# Cintiq Alternative - Monoprice Monitor Tablet, under $400 US!!



## Zydala (Dec 8, 2013)

http://www.monoprice.com/Product?c_id=113&cp_id=11314&cs_id=1131401&p_id=10707&seq=1&format=2

I love Monoprice everything - cables, tablets, headphones - so I was totally elated to see this pop up. DEFINITELY a promising alternative.

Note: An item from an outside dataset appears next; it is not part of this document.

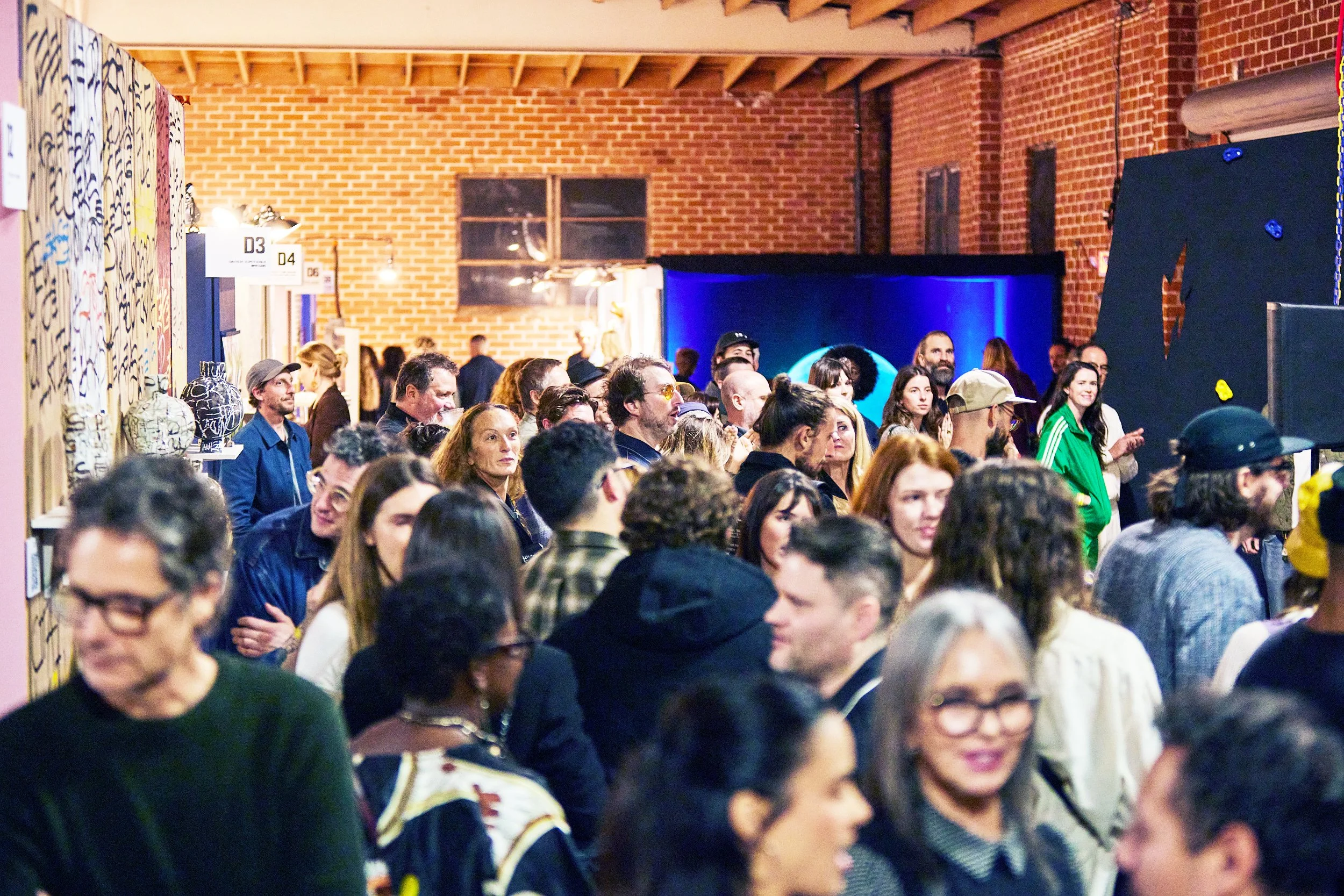 SPRING/BREAK Art Show is an internationally recognized exhibition platform using underused, atypical, and historic New York City and Los Angeles exhibition spaces to activate and challenge the traditional cultural landscape of the art market, typical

My wifey got a cintiq for a christmas gift and she's been letting me play with it, I looove it and I'd super love it if this thing is as good as the monoprice tablet we have, then we wouldn't have to fight over her gift so darn much lol ;]~


----------



## gorgonops (Dec 9, 2013)

Oh my. That is quite exciting. I recently got one of their tablets, and I _love _it. I'd been limping my old Intous 2 along for nearly a decade, then I spent $60 on a monoprice tablet, and I'm not looking back. The pressure sensitivity is fan-freakin'-tastic. <3

Is this a newer thing? I don't have the kind of money to get one anytime soon, but I'm very interested to see what kind of reviews come along for this in the coming months.


----------



## Smuttymutt (Dec 9, 2013)

Yeah they sent me a newsletter about that one! I got excited! I love monoprice, mine outlasted my bamboo and worked so much better. Also I broke it (totally my bad) and talked to a chat rep and they sent me a new one! Looks promising! I asked their chat rep if I could use it with a converter since my computer doesnt take VGA and he said no =(

Im hoping some customer reviews say otherwise! (he didnt seem quite sure of himself) If you get one please review it! Especially since you have used a cintiq and could compare the two!


----------



## Lobar (Dec 9, 2013)

That is awesome.  Still more money than I can justify shelling out right now, but I'm going to keep my eye on the reviews for this thing.

All of Monoprice's other tablets are rebranded UC Logic tablets, so this is probably their new monitor tablet too.  If so, hopefully this means they start selling the 22-inch model too, which has an IPS display.


----------



## Arshes Nei (Dec 9, 2013)

I saw TFT display and then knew why it's so cheap :/ having an on screen experience is better as I've used tablet PCs as well but the color shifting drove me nuts which is why I stuck with IPS display. Hopefully they do start selling IPS displays because the viewing angle can limit how you sit with it. 

Wacom definitely needs more competition though seeing how they have been fumbling with their lines of tablets, and quality issues in the last few iterations.


----------



## Zydala (Dec 9, 2013)

Arshes Nei said:


> I saw TFT display and then knew why it's so cheap :/ having an on screen experience is better as I've used tablet PCs as well but the color shifting drove me nuts which is why I stuck with IPS display. Hopefully they do start selling IPS displays because the viewing angle can limit how you sit with it.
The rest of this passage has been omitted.